We’ve had massively positive feedback on that webinar. People said things like:

I just wanted to say that I really enjoyed watching your self-publishing webinar the other day … I was genuinely inspired.

This is hands down the best live webinar I’ve been on. Pure value and an inoffensive pitch 😉 Thank you so much Harry.

I watched the replay last night and it was packed with really great information. You guys are definitely the best and most motivating writing resource I have found on my journey so far

Loved your webinar and your follow-up below really helped me buck up … One personal question: Did you ever figure out why your kids were wearing helmets in your kitchen? 

No, I never did figure out why my kids were wearing helmets in the kitchen, but then again they found a fake fur pompom in the garden yesterday and built a hedgehog house for it, complete with bed of leaves and dish of milk. So helmets in the kitchen? That passes for normal, I’m afraid.

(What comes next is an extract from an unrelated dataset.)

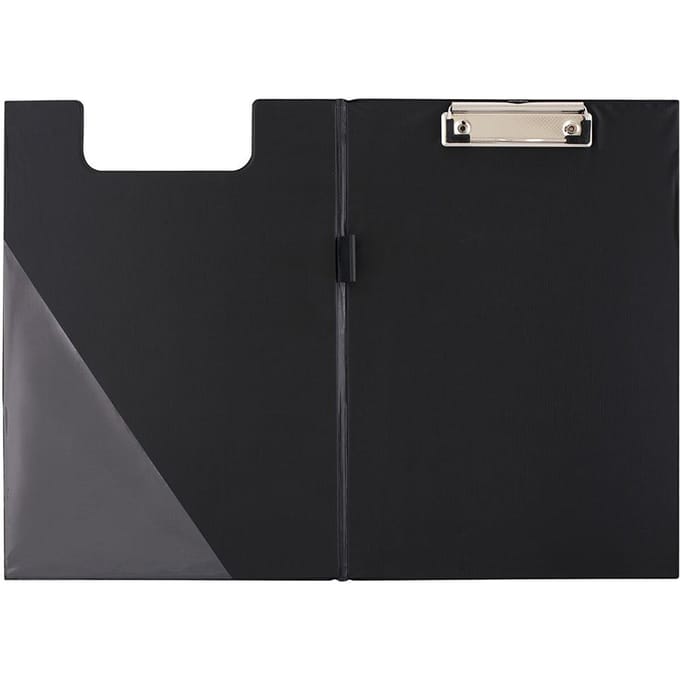 Zwarte Clipboard A5 met Klem & Klep - Documenthouder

As for the webinars, a lot of people avoid them because they assume the content is going to be all tease and no value. We don’t do that. We just cram as much serious value into the hour as we can. We do mention a product at the very end of the webinar, but we also tell you not to buy it, so that seems fair. Oh yes, and remember that you can get all the slides from the webinar from a download link here, so no need to take notes.

Right. Bish, bosh. Next thing.

So last night, the Mighty James Law delivered a webinar yesterday on Ideas, Plotting and Planning – that whole process of coaxing a novel into shape. Some of the material was familiar to me, but much of it wasn’t and was genuinely inspirational.

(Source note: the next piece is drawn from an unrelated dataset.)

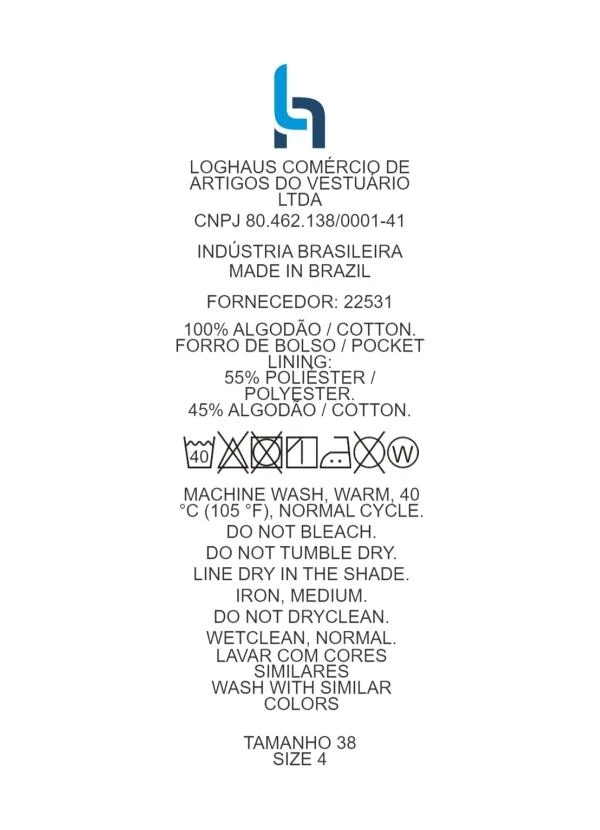 Quintess - Short Off White em Sarja com Puídos 10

In particular, I loved-loved-loved James’s willingness to state something that isn’t often enough said.

Lots of published novels are bad. They annoy the reader. In James’s candid summary:

Things that annoy me about novels

When I just don’t give a &%$£

When I have no idea why they’re doing what they’re doing

When they do something completely unexpected
(usually to bail the author out of a plot hole)

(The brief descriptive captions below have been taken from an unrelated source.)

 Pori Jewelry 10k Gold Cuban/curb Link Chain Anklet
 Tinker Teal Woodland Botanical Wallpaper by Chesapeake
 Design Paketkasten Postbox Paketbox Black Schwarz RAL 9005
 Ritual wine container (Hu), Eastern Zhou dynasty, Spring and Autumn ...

And we all know the feeling, right? You’re 100 pages into a perfectly competent novel, written by a pro author and published by some big, fancy publishing house. And you just don’t care. Or the action taken by the main character seems desperately contrived or stupid. (“No. Don’t enter the dark house where an armed gunman might be lurking. That sounds idiotic. How about you call your colleagues in the POLICE and call for ARMED BACKUP. That’s the whole point of being in the police, isn’t it?”)

Issues like that kill a novel. I don’t finish those books. I don’t buy another one by the same author. I don’t think they should have been published, or not with that much laziness in storytelling and editing.

So I am (I hope) as alert as James is to the risks. And of course if you write in a genre like ours, you are always bumping up against what the story wants (character enters dark house alone) and what reality demands (phone for backup.) So realistically, you will always be bicycling close to the edge of that precipice. You just want to avoid spilling over the edge.

My solution is rudimentary. It involves lots of writing, even more rewriting, gallons of tea, and a trust that my own editorial smarts will end up washing any plot stupidities out of the fabric. That probably works well enough in the end, but I have always worried that my process isn’t especially efficient.

James’s solution to these issues is the Why Diagram.

It’s a kind of structured attempt to drive out plot-stupidity from your novel before you write it. Why is the reader going to care about your Initiating Incident? Why should they care about your main character? Boom, boom, boom. James’s technique forces you to look at and answer the big questions before you put pen to paper. It’s basically a tool for de-stupidising your story before you even start writing. There’s lots else in his presentation too, but that’s the part that made me sit up and bark.

Plus … James has got three beautifully published books out, more on the way, and a TV deal in the oven. So you know what, I think he’s onto something. I’ll hand over to James himself for the detail.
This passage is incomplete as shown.